I'd like to cook a half pound +/- ribeye steak medium rare but would like to let it get a good smoking as well. I've got an amaze-n-smoker and thought about cold smoking it for an hour or so before beginning to cook it. So far I've only cooked things at around 225-250. Can I cook the ribeye at a little cooler temp, like maybe 180, for a longer period of time? And if so, or not, about how long to still have it medium rare?

Thank you for any advice!

David


----------



## phatbac (Mar 22, 2016)

you could smoke at 180 and it would take a while. med rare is about 125-130 IT. so use a probe therm to reach that. I would recommend the reverse sear method and there is all kinds of Youtube videos on how to do that but a quick run down is to smoke to a lower temp internal like 120 or so and then searing the ends to finish off the steak. 

around my house we like our steak more medium so i would cook mine to about about 135 ish and sear.
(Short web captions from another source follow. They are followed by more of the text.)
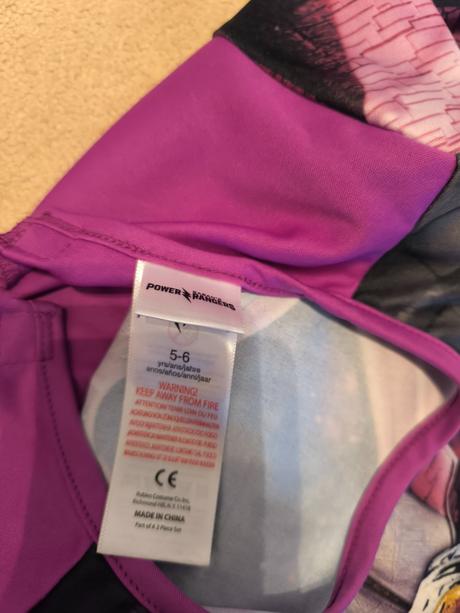 Power rangers kostym, 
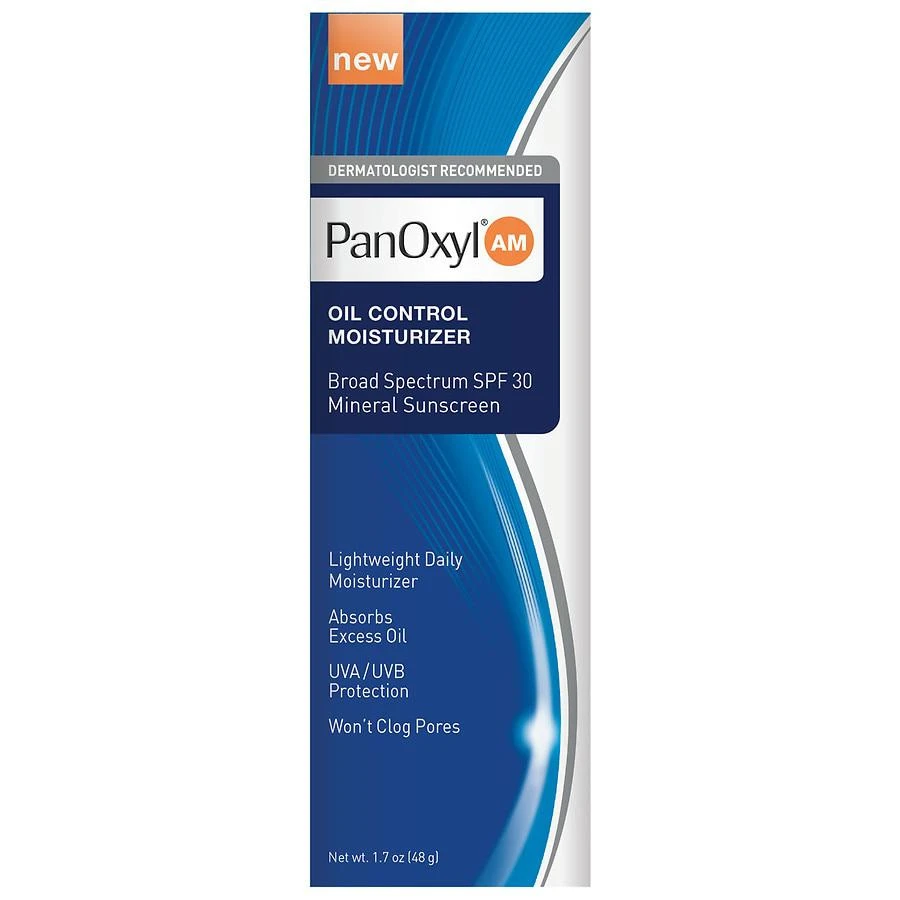 商品PanOxyl|Oil Control Moisturizer with SPF30,价格¥75,第1张图片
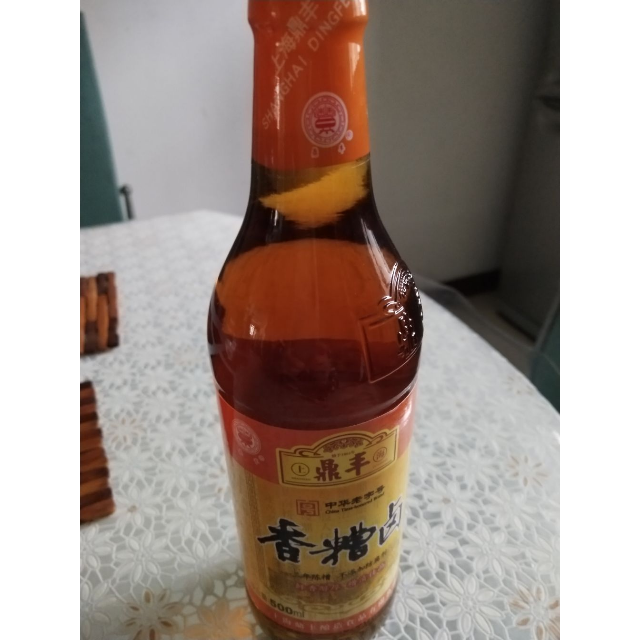 上海鼎丰三年陈香糟卤500ml鲜香醇厚糟泽佳品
For an Alternative I am not sure the the smoker you plan on using but some grills have the ability to use a chunk or chips of wood with the charcoal (sometimes even with gas) so you could just put some wood with your grill and get a smokey flavor without slow smoking it. I have done this method many times and it comes out good and you can use a stronger wood like mesquite since you wont be smoking it but maybe 10 minutes. If you don't have a good thermometer (buy one) you can always use the hand method to see when your steak is done. put your index finder and thumb touching the tips together and cook until the surface feel like the edge of your hand below your thumb.(med rare)

Hope this helps,

Happy Smoking,

phatbac (Aaron)


----------



## SmokinAl (Mar 22, 2016)

Yes cold smoking it for an hour or two will give it an amazing smoke flavor. Then you can crank up the smoker temp or finish it on a gas or charcoal grill. My choice would be a screaming hot (600 degrees) gas grill, for a nice sear.

Al


----------



## nopeda (Mar 25, 2016)

Thank you guys for your suggestions!!! I cold smoked for 1hr 45min and then cooked at 200 degrees until about 128 IT and let rest. It turned out great and didn't need to sear it.

Thanks again!

David


----------



## SmokinAl (Mar 25, 2016)

Glad it turned out good for you David!

Al


----------



## radioguy (Mar 25, 2016)

Try and search for reverse sear.  Smoke it at 200-220 while watching IT, I pull it at 120F.  We like it still mooing.  Then on to a very hot grill a minute or less per side...delicious!

RG


----------



## phatbac (Mar 25, 2016)

RadioGuy said:


> Try and search for reverse sear. Smoke it at 200-220 while watching IT, I pull it at 120F. We like it still mooing. Then on to a very hot grill a minute or less per side...delicious!
> 
> RG


I agree. the reverse sear is not just awesome on steaks but i use it for smoking beef roasts and the like. 

It really helps it texture-ally on the edge but makes it really super juicy and tender. my opinion best way to make a steak. there is a ton of youtube videos about the reverse sear.

Happy Smoking

phatbac (Aaron)


----------